*** Data supplied Section Begins ***

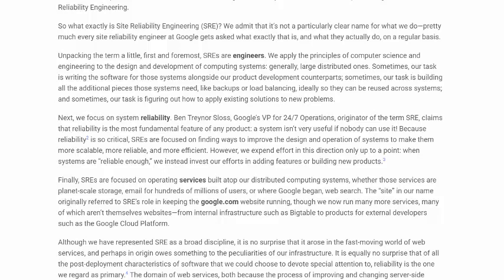And sometimes our task is figuring out how to apply existing solutions to new problems. Next, we focus on system reliability. Ben Treynor Schloss, Google's VP for 24-7 operations and originator of the term SRE, claims that reliability is the most fundamental feature of any product.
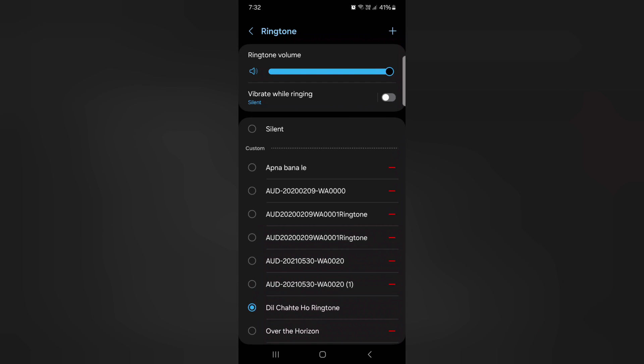If you want to set a custom ringtone, tap on the plus icon at the top right corner.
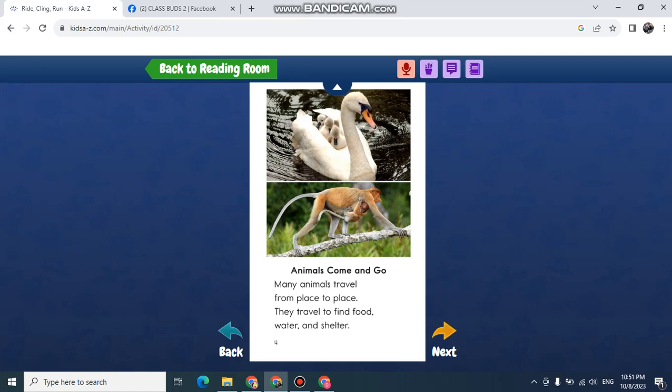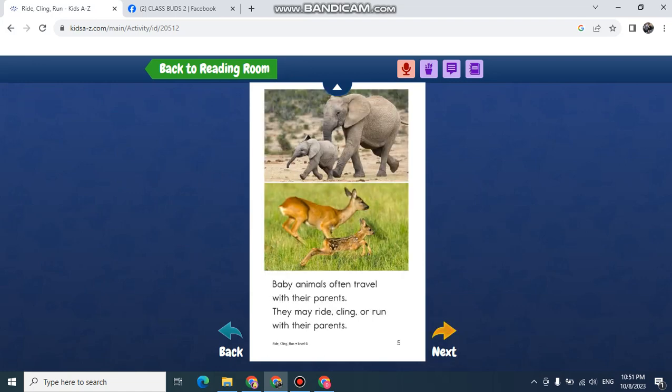They travel to find food, water, and shelter. Baby animals often travel with their parents. They may ride, cling, or run with their parents.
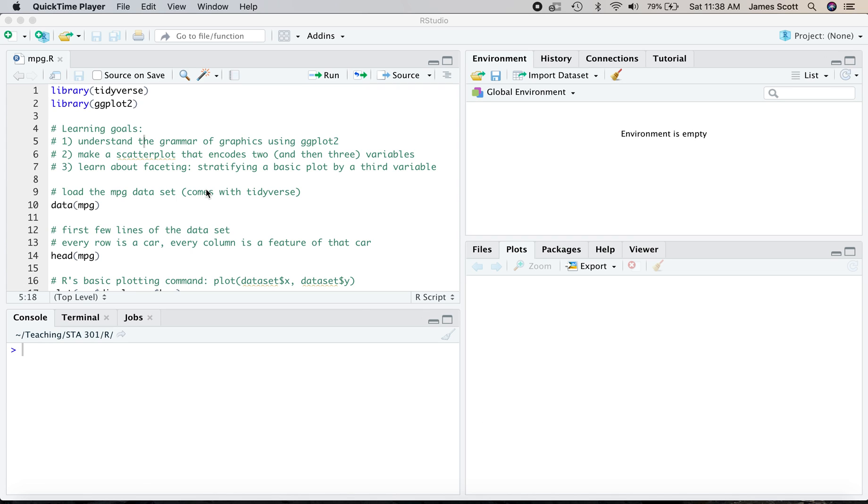Welcome, everyone. I'm here in the script mpg.r, which you can get from the class website. And we've got three learning goals in this script here.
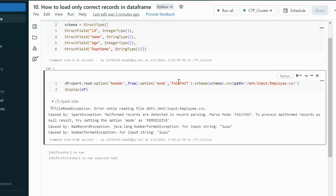We also have the Fail Fast option, which throws an error because there is a string value 'triple u' for the id column which is not correct. So I hope you understand when to use Drop Malformed, when to use Fail Fast, and when to use Permissive mode — which is the default. In the next video, we will see how to load corrupt records into a log file while processing only the correct records.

*** Data supplied Section Ends ***

Leave the pictures out and print every record exactly.

### Solution to this task
And sometimes our task is figuring out how to apply existing solutions to new problems. Next, we focus on system reliability. Ben Treynor Schloss, Google's VP for 24-7 operations and originator of the term SRE, claims that reliability is the most fundamental feature of any product.
If you want to set a custom ringtone, tap on the plus icon at the top right corner.
They travel to find food, water, and shelter. Baby animals often travel with their parents. They may ride, cling, or run with their parents.
Welcome, everyone. I'm here in the script mpg.r, which you can get from the class website. And we've got three learning goals in this script here.
We also have the Fail Fast option, which throws an error because there is a string value 'triple u' for the id column which is not correct. So I hope you understand when to use Drop Malformed, when to use Fail Fast, and when to use Permissive mode — which is the default. In the next video, we will see how to load corrupt records into a log file while processing only the correct records.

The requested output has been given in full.